[Task to carry out] Your copy should start at the line with "Humaitá, Porto Alegre" and end at the line with "Bild eines Caddy Style eHybrid 110 kW" in the data below. Transcribe only those lines, exactly, pictures excluded.

Image-text web data:
§ §

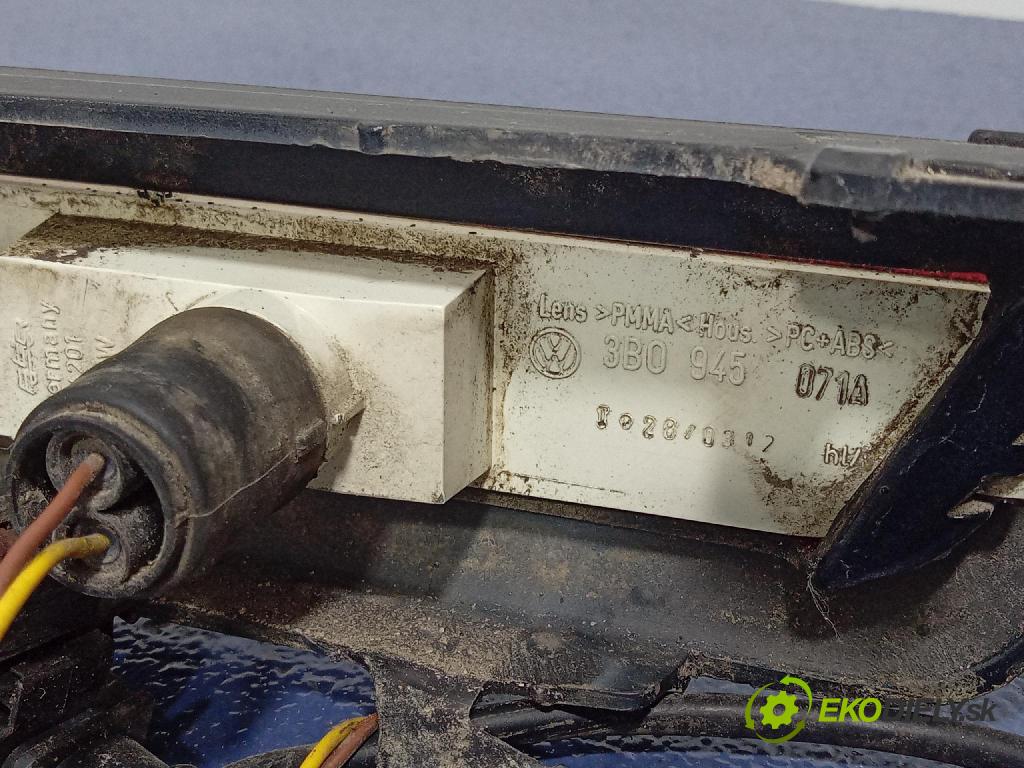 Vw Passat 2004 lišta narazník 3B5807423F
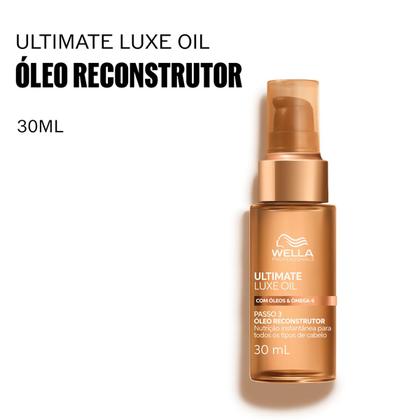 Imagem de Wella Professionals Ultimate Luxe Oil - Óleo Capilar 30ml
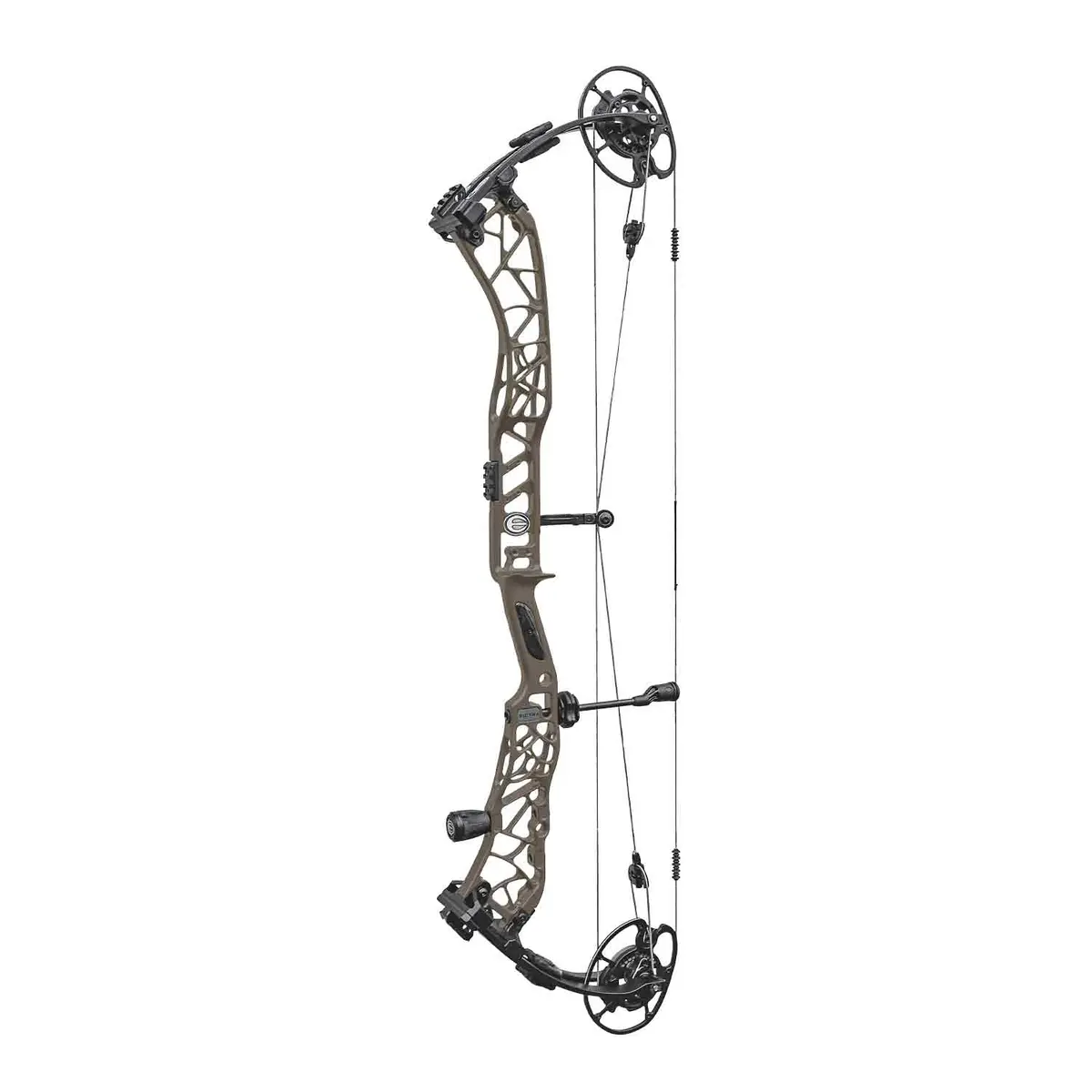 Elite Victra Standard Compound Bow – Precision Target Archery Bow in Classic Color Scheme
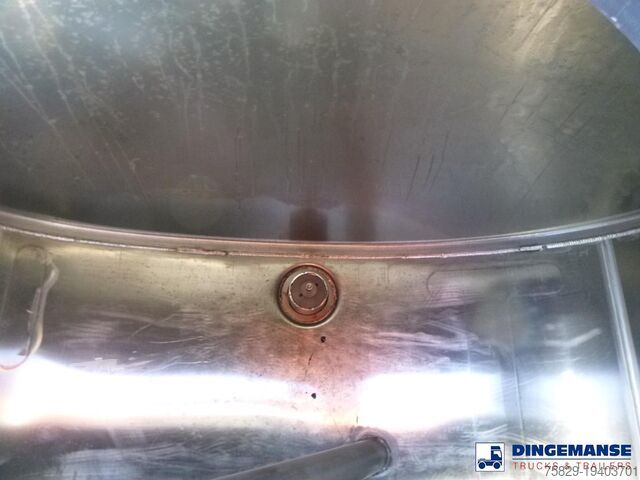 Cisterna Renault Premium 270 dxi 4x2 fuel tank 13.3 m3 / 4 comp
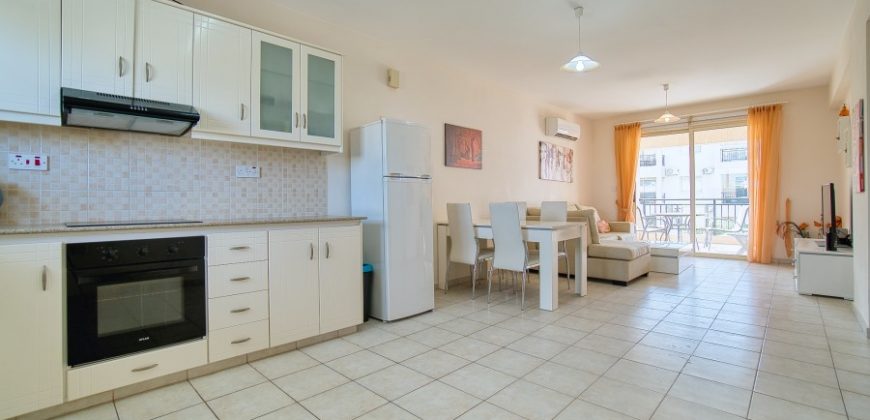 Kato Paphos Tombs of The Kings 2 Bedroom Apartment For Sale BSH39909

§ §

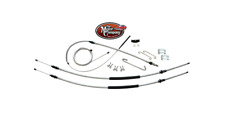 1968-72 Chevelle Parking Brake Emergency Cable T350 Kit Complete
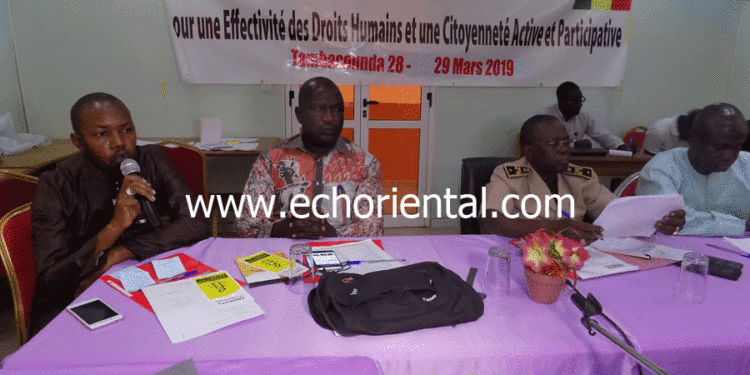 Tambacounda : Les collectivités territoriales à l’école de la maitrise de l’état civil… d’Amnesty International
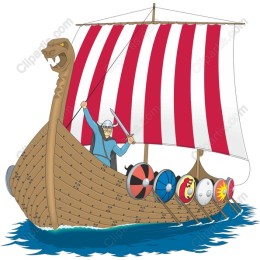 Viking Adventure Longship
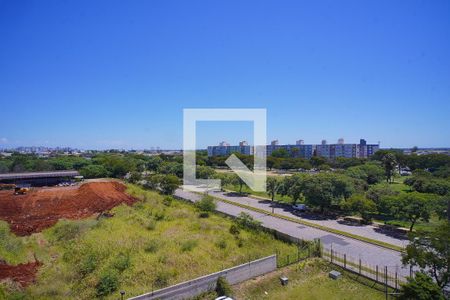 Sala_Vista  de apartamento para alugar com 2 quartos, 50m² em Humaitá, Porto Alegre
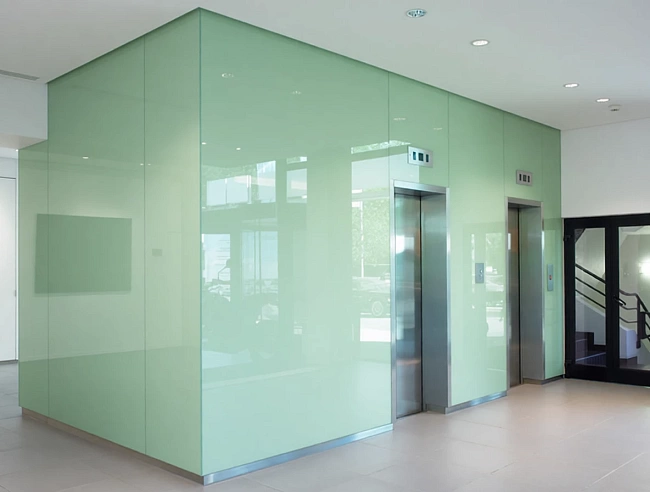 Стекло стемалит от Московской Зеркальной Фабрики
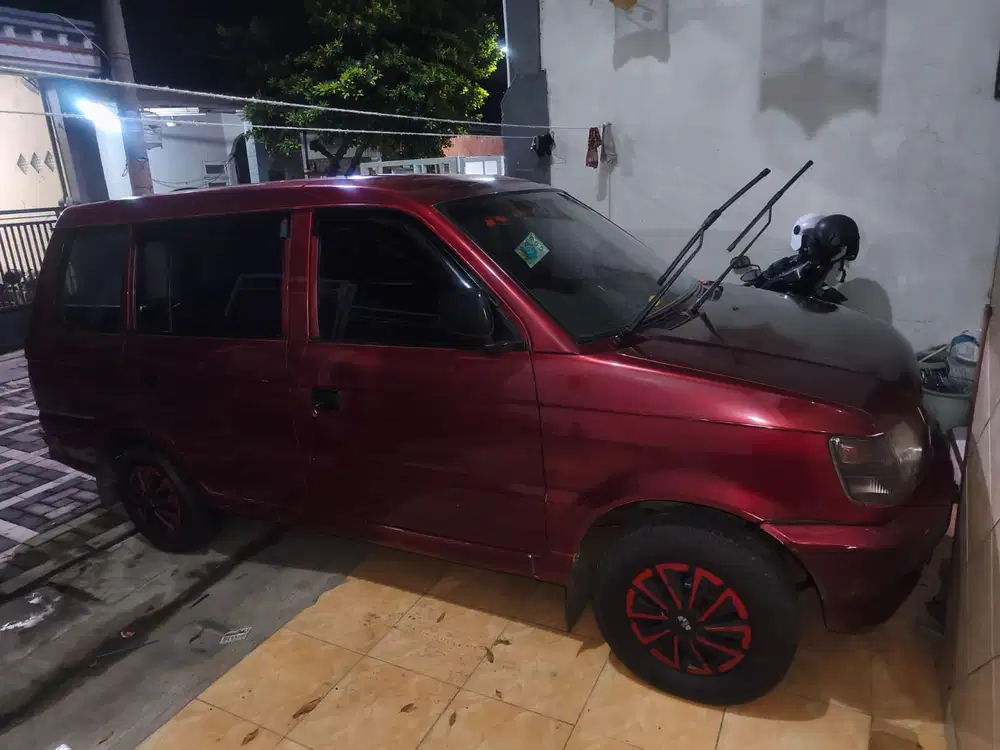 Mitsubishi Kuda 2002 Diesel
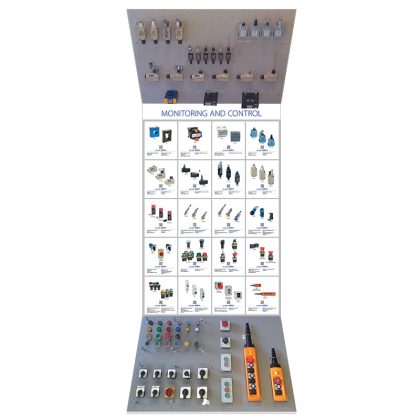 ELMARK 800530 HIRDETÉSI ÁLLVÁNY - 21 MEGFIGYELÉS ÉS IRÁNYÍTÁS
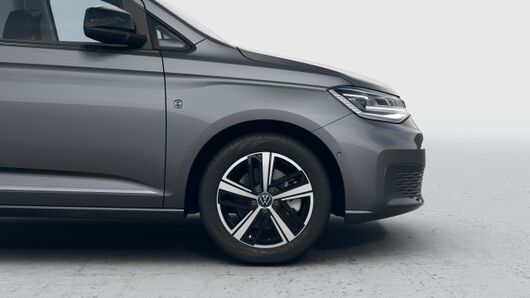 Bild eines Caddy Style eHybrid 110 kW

§ §

[Solution]
 Sala_Vista  de apartamento para alugar com 2 quartos, 50m² em Humaitá, Porto Alegre
 Стекло стемалит от Московской Зеркальной Фабрики
 Mitsubishi Kuda 2002 Diesel
 ELMARK 800530 HIRDETÉSI ÁLLVÁNY - 21 MEGFIGYELÉS ÉS IRÁNYÍTÁS
 Bild eines Caddy Style eHybrid 110 kW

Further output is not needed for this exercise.